Saat ini, Sritex memusatkan sebagian besar operasinya di lahan seluas 79 hektar di Sukoharjo. Selain dari Indonesia, Sritex juga mempekerjakan sejumlah tenaga profesional dari luar negeri, seperti dari Korea Selatan, Filipina, India, Jerman, dan China. Klien besar Sritex antara lain H&M, Walmart, K-Mart, dan Jones Apparel.
Melansir dari Forbes, PT Sriwahana Adityakarta Tbk. (SWAT) adalah perusahaan industri kertas yang dimiliki Keluarga Lukminto. Perusahaan menyediakan karton box, paper tube, dan paper cone.

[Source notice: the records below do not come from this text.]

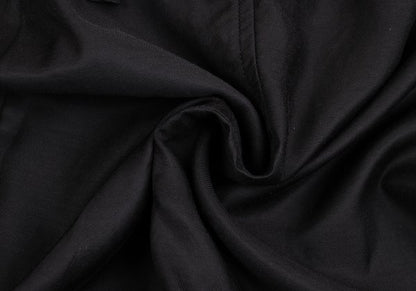 Y's Cupro Panel Shoulder Strap Midi Skirt Black Size 2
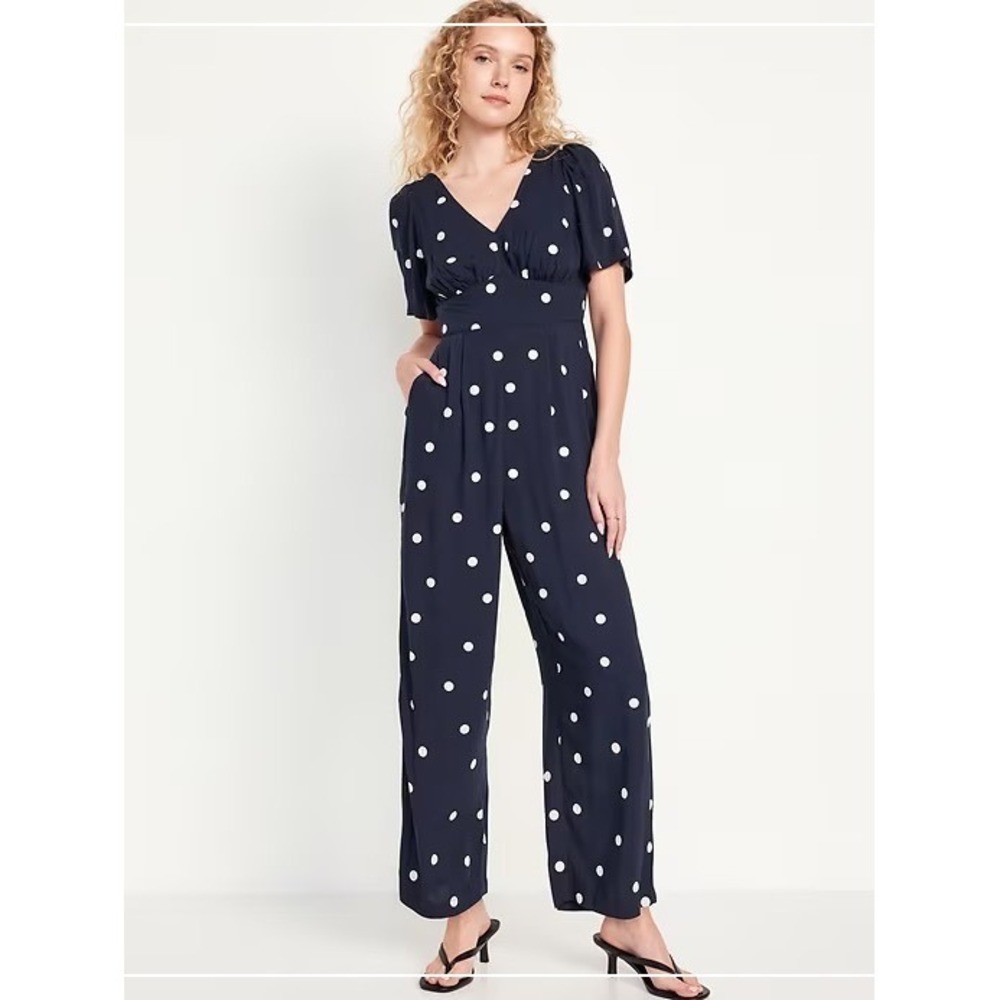 Old Navy Navy Blue Polka Dot Puff Sleeve Wide Leg Jumpsuit V-Neck Smocked Medium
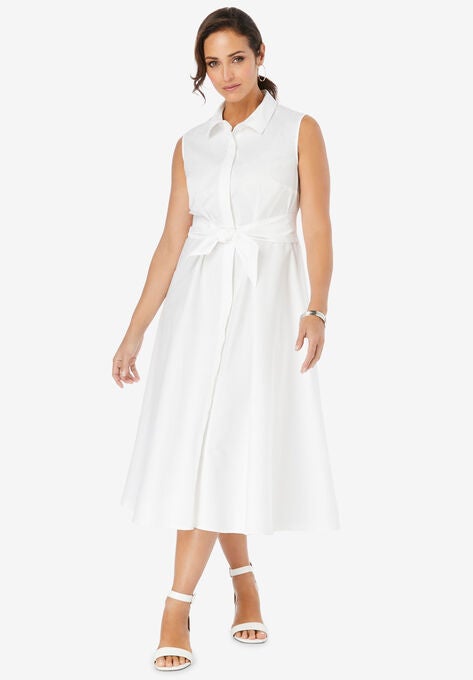 Cotton Shirtdress, WHITE, hi-res image number null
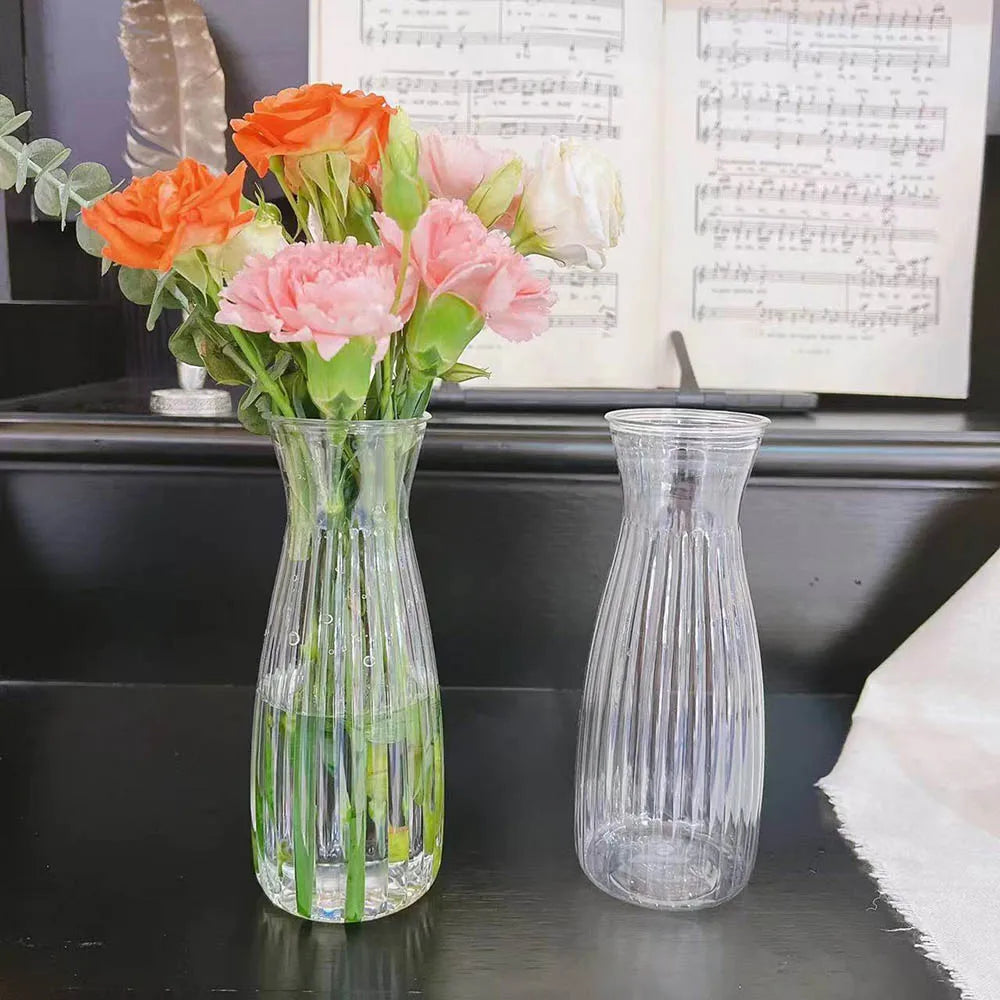1 vase en cristal d'imitation, vase en plastique transparent créatif anti-chute, pot de fleurs transparent durable, vases de décoration modernes pour la maison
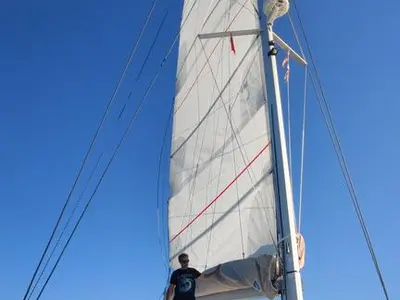 Beyond, a Fountaine Pajot Aura 51 catamaran at Kingstown, Saint Vincent and the Grenadines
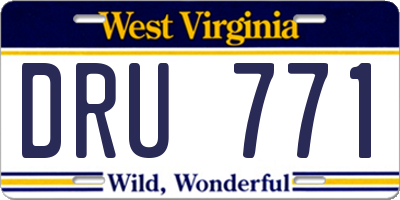 WV license plate DRU771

Melansir dari Singapore Exchange, Sritex juga mendirikan Golden Legacy Pte Ltd, Golden Mountain Textile, Trading Pte Ltd, di mana perusahaan ini bergerak di bidang investasi dan perdagangan grosir yang berada di Singapura.
Melansir dari Forbes, melalui anak perusahaan PT Wisma Utama Binaloka, Sritex Group akan mengoperasikan sejumlah hotel dan restoran, termasuk Diamond, Grand Orchid, dan @Hom serta satu hotel Grand Quality di Yogyakarta. Lalu, dua hotel Holiday Inn Express di Yogyakarta dan Bali. Serta, hotel Holiday Inn, Holiday Inn Express, dan Horison, dan Solo Mansion.
Melansir dari situs resmi, Tumurun Private Museum merupakan museum pribadi yang dikelola keluarga Lukminto di Surakarta. Nama museum ini berasal dari kata turun-temurun yang berarti ‘mewariskan dari generasi satu ke generasi lainnya’.
Pendirian museum ini dimaksudkan sebagai bentuk penghormatan kepada sang ayah yang juga seorang kolektor dan penikmat karya seni. Barang yang dipamerkan juga merupakan koleksi pribadi milik keluarga besar Lukminto.